Developing the UK National Ecosystem Assessment

Last week the BES hosted a fascinating workshop on the development of the UK National Ecosystem Assessment (NEA), in conjunction with the UK Biodiversity Reseach Advisory Group (UK-BRAG). A morning of presentations and discussion were followed with lunch and an opportunity for networking, before break-out groups met to consider various aspects of this exciting new undertaking.

The NEA is the first analysis of the UK’s natural environment in terms of the benefits it provides to society and continuing economic prosperity. It is partly a direct consequence of the Millennium Ecosystem Assessment (MA), for the Environmental Audit Committee recommended that it would be good to do a similar process for the UK.

Professor Steve Albon, Joint Co-Chair of the NEA, presented first, providing a very useful overview of how the NEA intends to go about its work. Working within the conceptual framework of sustainable development, the NEA will look at seven broad habitats (following the habitat classification used by the Countryside Survey) and four ecosystem services, and study how they all interact. The whole of the UK’s terrestrial, freshwater and marine ecosystems will thus be covered, and there will then also be a biodiversity synthesis, as well as a UK, national and regional synthesis.

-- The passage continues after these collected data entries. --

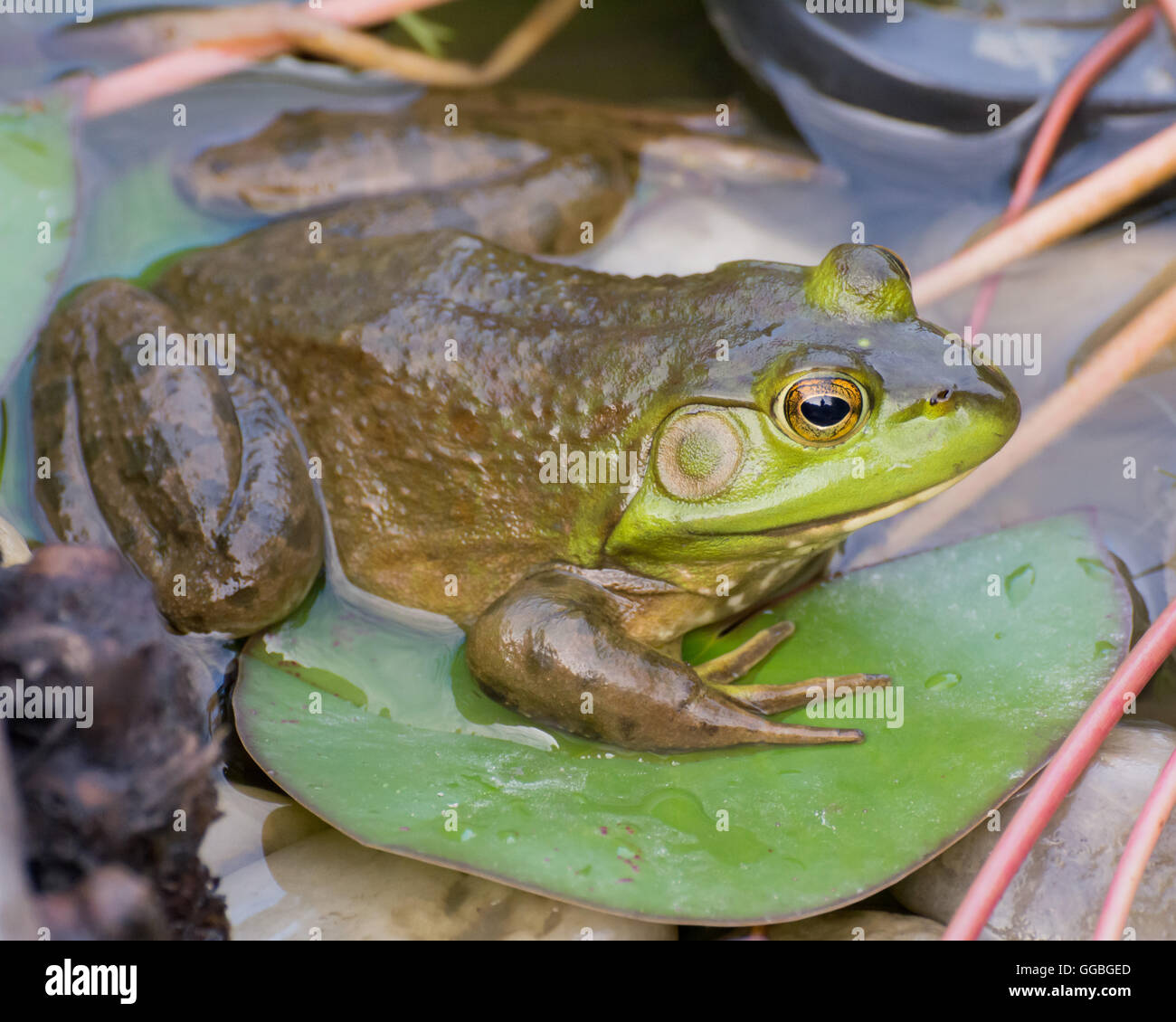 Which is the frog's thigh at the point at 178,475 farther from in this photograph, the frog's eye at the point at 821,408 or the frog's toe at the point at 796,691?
the frog's eye at the point at 821,408

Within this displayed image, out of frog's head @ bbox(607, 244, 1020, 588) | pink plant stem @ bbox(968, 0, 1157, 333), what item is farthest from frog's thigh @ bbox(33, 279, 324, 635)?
pink plant stem @ bbox(968, 0, 1157, 333)

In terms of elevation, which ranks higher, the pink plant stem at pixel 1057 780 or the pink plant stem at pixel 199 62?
the pink plant stem at pixel 199 62

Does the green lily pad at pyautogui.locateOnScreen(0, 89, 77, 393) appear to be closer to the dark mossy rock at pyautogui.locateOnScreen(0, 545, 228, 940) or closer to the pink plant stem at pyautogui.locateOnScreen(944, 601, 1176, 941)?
the dark mossy rock at pyautogui.locateOnScreen(0, 545, 228, 940)

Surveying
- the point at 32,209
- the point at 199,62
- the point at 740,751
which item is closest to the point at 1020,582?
the point at 740,751

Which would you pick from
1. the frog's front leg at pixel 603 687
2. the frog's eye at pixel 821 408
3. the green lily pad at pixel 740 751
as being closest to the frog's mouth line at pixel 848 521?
the frog's eye at pixel 821 408

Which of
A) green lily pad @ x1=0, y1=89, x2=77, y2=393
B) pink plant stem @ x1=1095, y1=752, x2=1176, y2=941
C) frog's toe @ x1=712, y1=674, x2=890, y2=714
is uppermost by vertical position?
green lily pad @ x1=0, y1=89, x2=77, y2=393

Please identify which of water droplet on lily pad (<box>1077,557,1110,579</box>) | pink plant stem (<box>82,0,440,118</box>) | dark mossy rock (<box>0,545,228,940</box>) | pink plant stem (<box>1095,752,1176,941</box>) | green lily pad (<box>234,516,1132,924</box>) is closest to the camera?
dark mossy rock (<box>0,545,228,940</box>)

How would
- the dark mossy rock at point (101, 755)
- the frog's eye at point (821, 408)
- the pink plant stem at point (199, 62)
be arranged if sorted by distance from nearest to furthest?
the dark mossy rock at point (101, 755) < the frog's eye at point (821, 408) < the pink plant stem at point (199, 62) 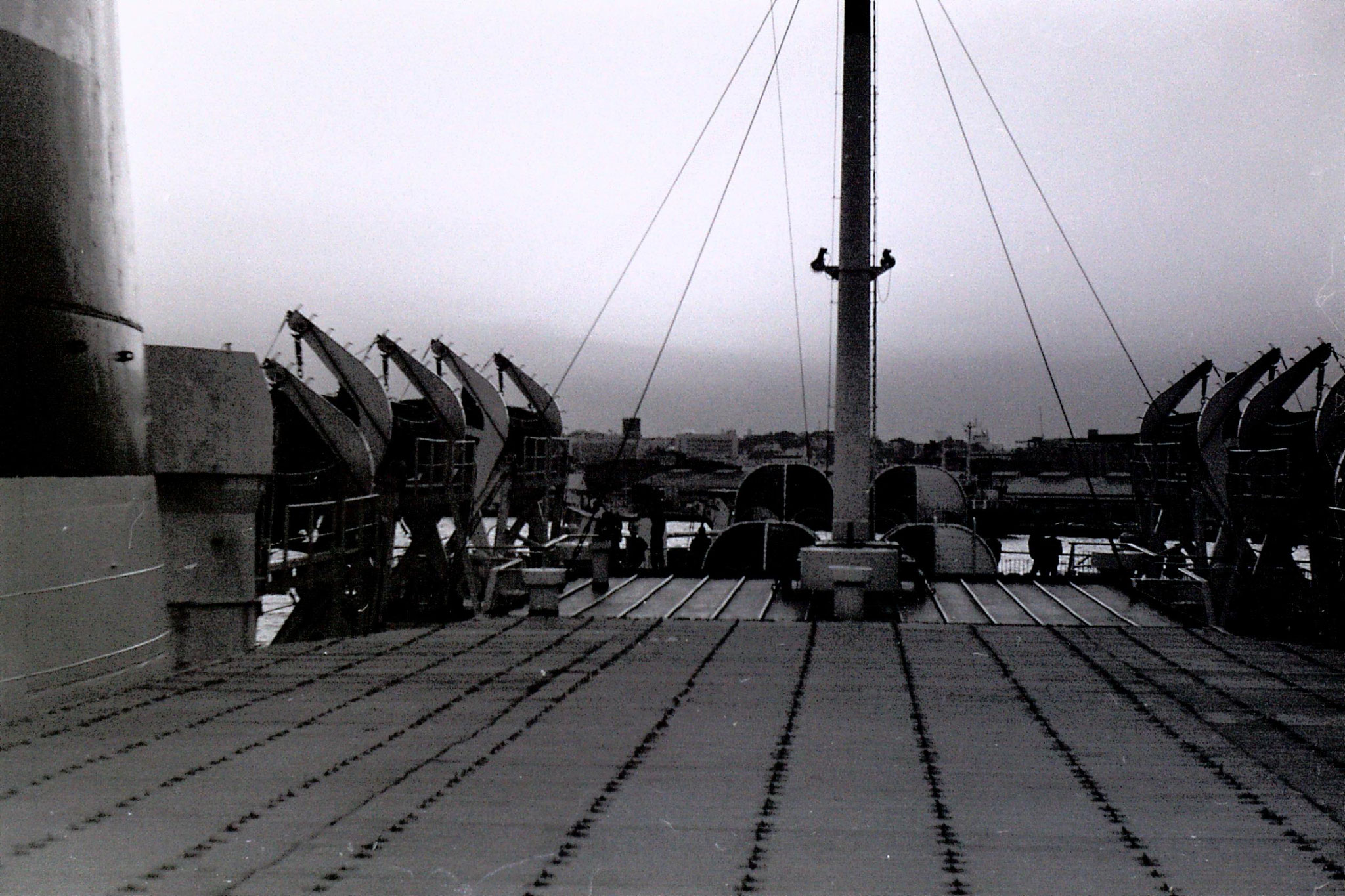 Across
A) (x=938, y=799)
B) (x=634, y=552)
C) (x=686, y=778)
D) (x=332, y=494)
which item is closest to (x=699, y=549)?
(x=634, y=552)

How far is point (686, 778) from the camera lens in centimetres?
593

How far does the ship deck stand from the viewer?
14.8ft

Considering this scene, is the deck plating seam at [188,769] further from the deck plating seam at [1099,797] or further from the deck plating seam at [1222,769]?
the deck plating seam at [1222,769]

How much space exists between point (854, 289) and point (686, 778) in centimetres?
1399

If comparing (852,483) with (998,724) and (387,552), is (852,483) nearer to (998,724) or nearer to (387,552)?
(998,724)

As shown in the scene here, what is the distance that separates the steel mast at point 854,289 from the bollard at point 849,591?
4896mm

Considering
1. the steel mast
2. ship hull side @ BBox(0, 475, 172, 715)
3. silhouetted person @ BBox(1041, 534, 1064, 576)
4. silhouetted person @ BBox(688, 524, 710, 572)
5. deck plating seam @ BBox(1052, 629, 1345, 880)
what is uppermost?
the steel mast

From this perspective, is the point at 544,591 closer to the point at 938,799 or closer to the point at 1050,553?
the point at 938,799

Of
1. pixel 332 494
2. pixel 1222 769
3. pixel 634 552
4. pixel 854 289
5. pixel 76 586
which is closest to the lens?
pixel 1222 769

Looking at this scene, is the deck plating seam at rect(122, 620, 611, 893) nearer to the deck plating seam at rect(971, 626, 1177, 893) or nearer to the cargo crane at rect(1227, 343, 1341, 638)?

Some of the major questions to be addressed in the Assessment revolve around valuation. Dr Melanie Austen of the Plymouth Marine Laboratory outlined the results and lessons learnt from a valuation study of the UK marine environment. She gave examples of valuation, fishing for instance being valued at around ₤600 million, leisure & recreation at roughly ₤11.7 billion, though stressed that there are both monetary and non-monetary types of valuation which can be applied. Valuation methodology is still being developed, and it is rarely possible to capture all values accurately. Moreover, whilst monetary values are very useful in order to get policymaker attention, non-monetary values are very politically important- showing politicians that the public actually cares about the environment is crucial.

The final presentation of the morning session was given by Paul Morling from the RSPB, who surveyed the policy options which could be employed in the light of the NEA report. He suggested one of the Assessment’s most valuable contributions might be in terms of ‘trade-offs’, helping illuminate the often opaque trade-offs that policymakers must decide between. For example, if in order to restore a lowland heath it is proposed to remove the pine trees, whilst the biodiversity values will be positively affected, but the carbon values of the heath will be negatively hit. How can we decide between these values in an informed manner? The NEA will hopefully be help to shed some light on this and other difficult questions faced by policymakers, and may be particularly relevant given the upcoming focus on cost-cutting and efficiency savings which will undoubtedly preoccupy the next Government. It is hoped that the NEA will help highlight the place of the environment in any such debate.